··· Provided data ···

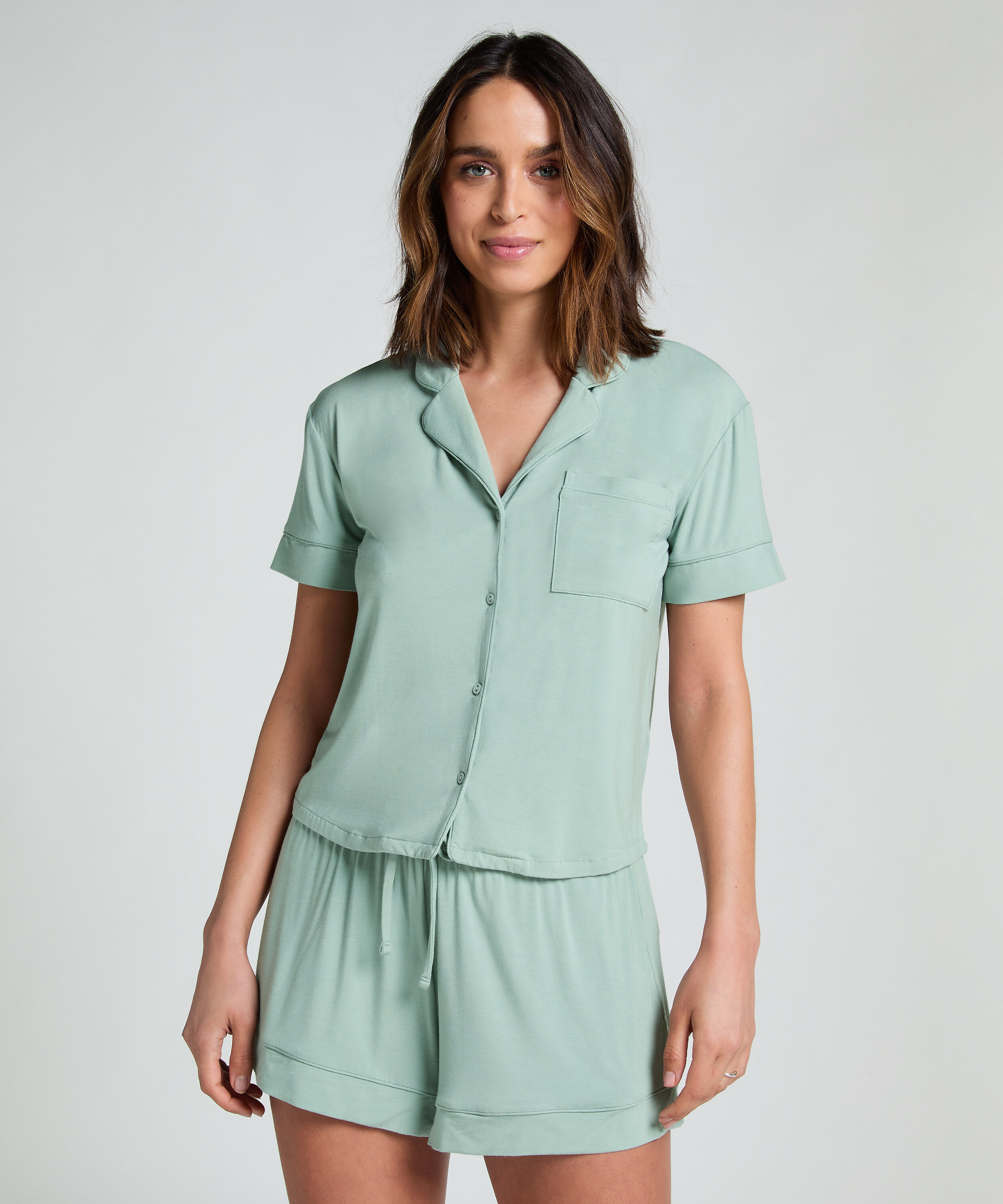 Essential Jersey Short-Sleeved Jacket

···
··· Provided data ···

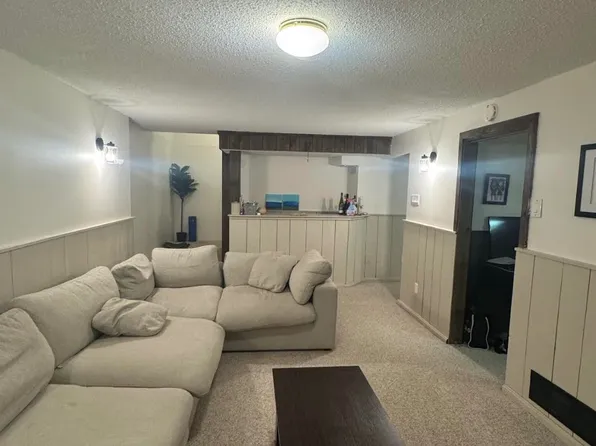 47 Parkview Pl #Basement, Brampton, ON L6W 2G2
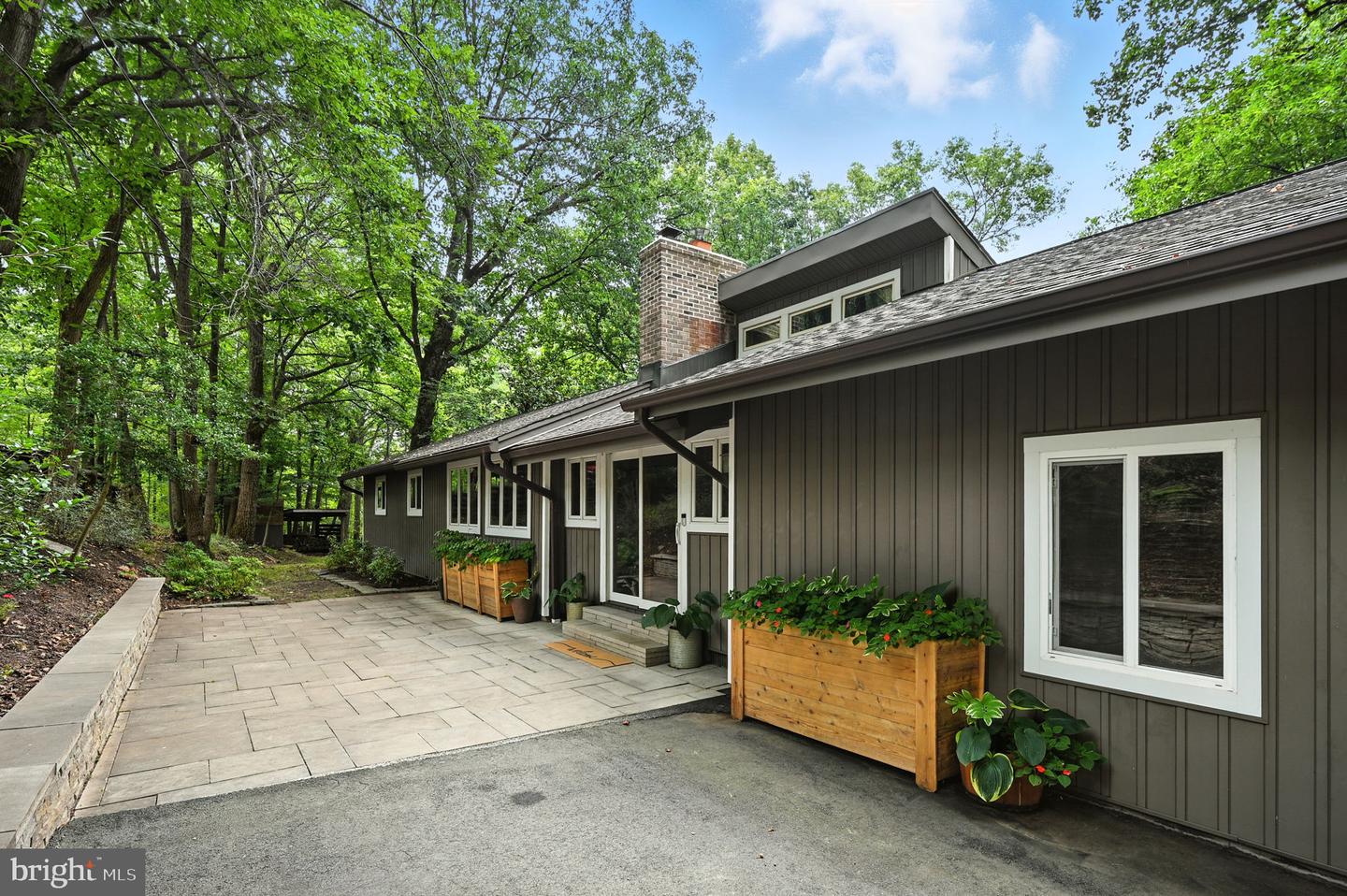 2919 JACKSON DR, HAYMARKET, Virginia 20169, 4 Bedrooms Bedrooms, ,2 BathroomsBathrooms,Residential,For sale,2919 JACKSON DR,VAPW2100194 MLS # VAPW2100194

···

§ Activity
Above are some records. Reproduce the lines from the one with "47 Parkview Pl" down to the one with "2919 JACKSON DR, HAYMARKET, Virginia", keeping both, and leave every picture out.

§ Exercise output
 47 Parkview Pl #Basement, Brampton, ON L6W 2G2
 2919 JACKSON DR, HAYMARKET, Virginia 20169, 4 Bedrooms Bedrooms, ,2 BathroomsBathrooms,Residential,For sale,2919 JACKSON DR,VAPW2100194 MLS # VAPW2100194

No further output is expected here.